While seven of her 82 students are performers, most join for fun and exercise, says Malia, adding, "They also learn how to be graceful and beautiful. They walk away with the aloha spirit. And the troupe becomes like ohana, family, to them. We encourage each other."
Malia enjoys dancing in Ashland, a town she calls "beautiful and very welcoming," unlike places where some audience members have wanted more of a kitschy, lounge show.
"I tell them, 'We are not lap dancers.' Hula is how the Hawaiians have always expressed themselves.
The Hawaiians are dying out … the hula is how they passed their stories down from generation to generation. When I came here there was nothing like that. It kind of broke my heart, but now, my dancers are sharing hula all over the world."
Malia moved to Ashland with her husband and children about 15 years ago. After devoting 18 years to home schooling her sons, she opened her halau about five years ago.
First, there's her Hawaiian greeting, a hug instead of a handshake. She's dressed in a tropical blue and green skirt, a flower tucked behind her ear.
The music of Bill Keale and just a hint of plumeria wafts through the room where everything is Hawaiian or Polynesian - from the tapa cloth that adorns one wall, to a large photograph of Duke Kahanamoku, Hawaii's champion surfer and first Olympic medalist (and an acquaintance of her grandmother, also an Olympic swimmer).
A pair of surfboards leans against another wall, seashells rest on an adjacent shelf. There's the feel of hardwood floors and soft rugs under bare feet, and the picture window view of the Ashland hills that invites nature into the home as the hula invites nature into the heart.

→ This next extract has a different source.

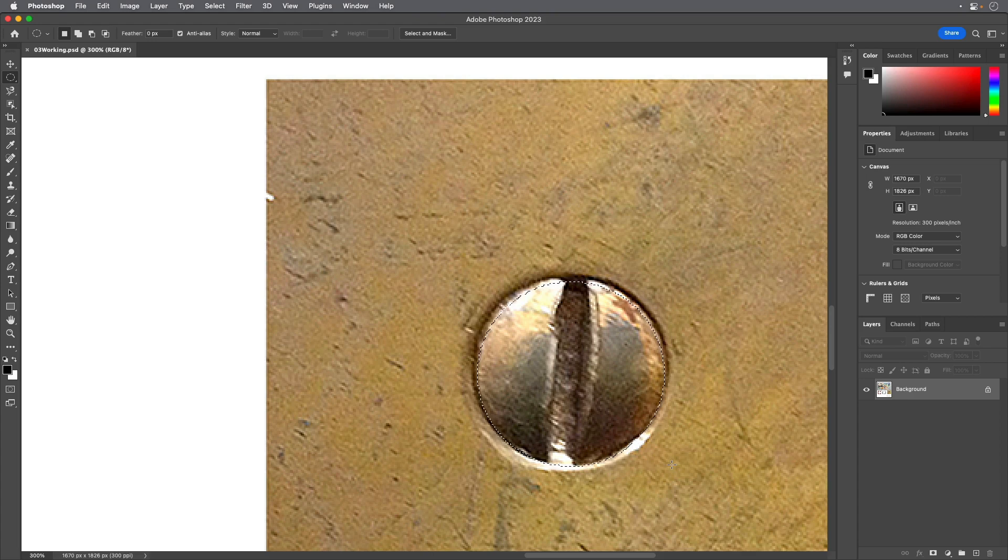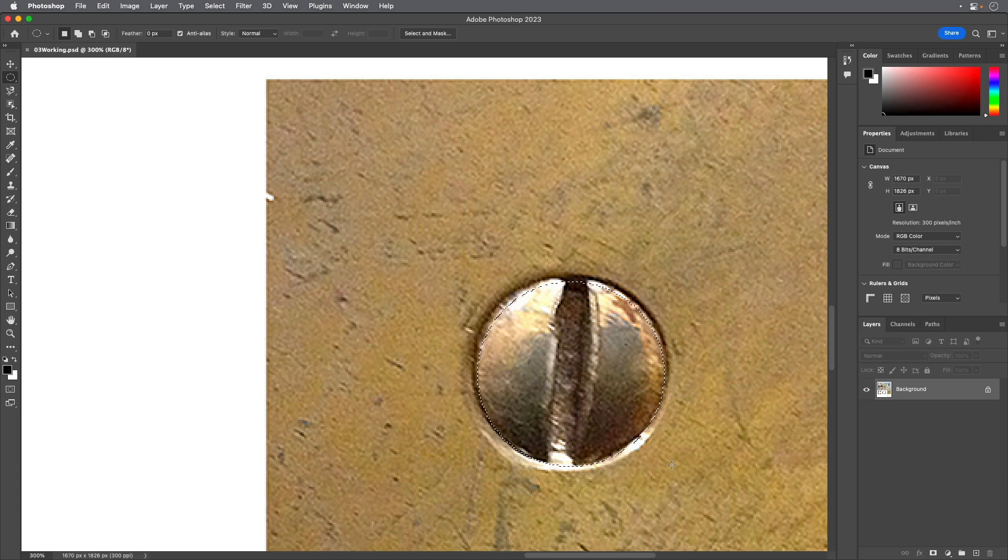If necessary, reposition the selection border using one of the methods you learned earlier. If you accidentally release the Alt or Option key before you release the mouse button, select the screw again.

In her costume room, Malia picks up a pau skirt (the cloth skirt that the missionaries made hula dancers wear over their ti leaf skirts) with hand-painted tapa designs, one of 30 she created. Feathers for a Tahitian dance are laid out on another shelf next to Malia's sewing machine.
In her dance room, ipo (calabash drums) rest in front of a studio mirror. Another beautiful view of the outdoors is enjoyed here by Malia's dance students, ages 12 to 72.
The hula instructor welcomes all students, regardless of faith, ethnicity - or the possession of two left feet.
Gracefulness, notes Malia, is not a requirement, but rather a result of dancing hula. Malia seems to enjoy being part of this transformation as much as she enjoys dancing, and through hula, sharing aloha.
"Hula for me is spiritual," Malia says once again. "The Lord uses me to love other women through dance. Some walk away crying because it is so beautiful and they can be part of this beauty."